===== Provided data

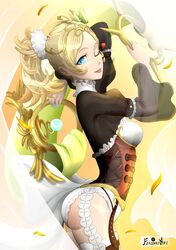 1girls alternate_costume ass bare_thighs big_ass blonde_hair blue_eyes dancer dancing ferdnayart fire_emblem fire_emblem_awakening heart lissa_(fire_emblem) looking_at_viewer medium_breasts nintendo one_eye_closed ponytail see-through solo solo_female sticking_out_tongue tongue tongue_out wink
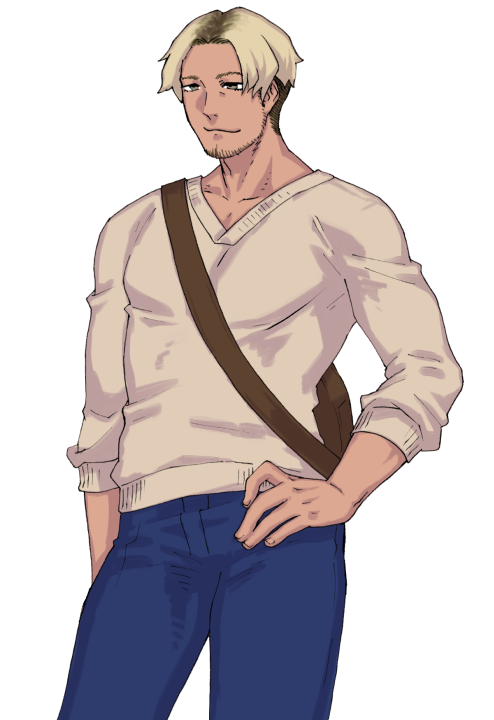 Coc 望月 棟冬 もちづき むねふゆ 動物園の飼育員 大型ネコ科担当 33歳 真砂多忙のイラスト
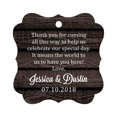 thumbnail image 1 of Darling Souvenir Custom Wedding Thank You Message Gift Tags Personalized Party Favor Hang Paper Tags-Dark Wood-50 Tags, 1 of 1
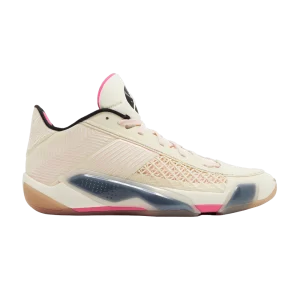 Air Jordan 38 Low 'Fresh Start' Coconut milk/Black/Atmospheric/Hyper pink FD2326 100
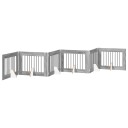 Vidaxl Foldbar Hundegitter Med Stativer 6 Stk. Grå Sonoma 482 cm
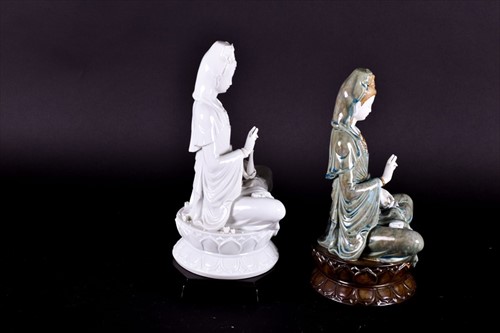 Lot 248 - Two Lladro porcelain models of 'Kwan Yin'...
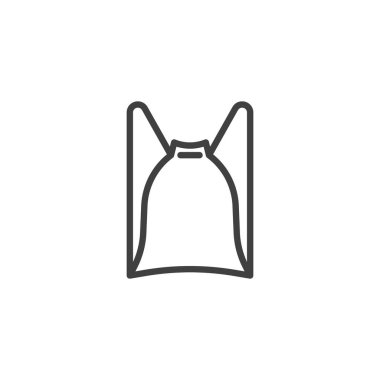 Spor sırt çantası satırı simgesi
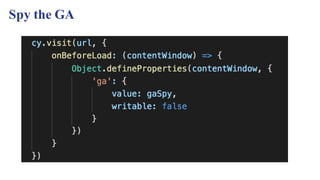 Spy the GA
 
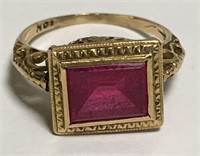 10k Gold Edwardian Ring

==========

| Directions for this task |
Reproduce each line above exactly, but not a single picture.

| Result of the exercise |
 1girls alternate_costume ass bare_thighs big_ass blonde_hair blue_eyes dancer dancing ferdnayart fire_emblem fire_emblem_awakening heart lissa_(fire_emblem) looking_at_viewer medium_breasts nintendo one_eye_closed ponytail see-through solo solo_female sticking_out_tongue tongue tongue_out wink
 Coc 望月 棟冬 もちづき むねふゆ 動物園の飼育員 大型ネコ科担当 33歳 真砂多忙のイラスト
 thumbnail image 1 of Darling Souvenir Custom Wedding Thank You Message Gift Tags Personalized Party Favor Hang Paper Tags-Dark Wood-50 Tags, 1 of 1
 Air Jordan 38 Low 'Fresh Start' Coconut milk/Black/Atmospheric/Hyper pink FD2326 100
 Vidaxl Foldbar Hundegitter Med Stativer 6 Stk. Grå Sonoma 482 cm
 Lot 248 - Two Lladro porcelain models of 'Kwan Yin'...
 Spor sırt çantası satırı simgesi
 Spy the GA
 
 10k Gold Edwardian Ring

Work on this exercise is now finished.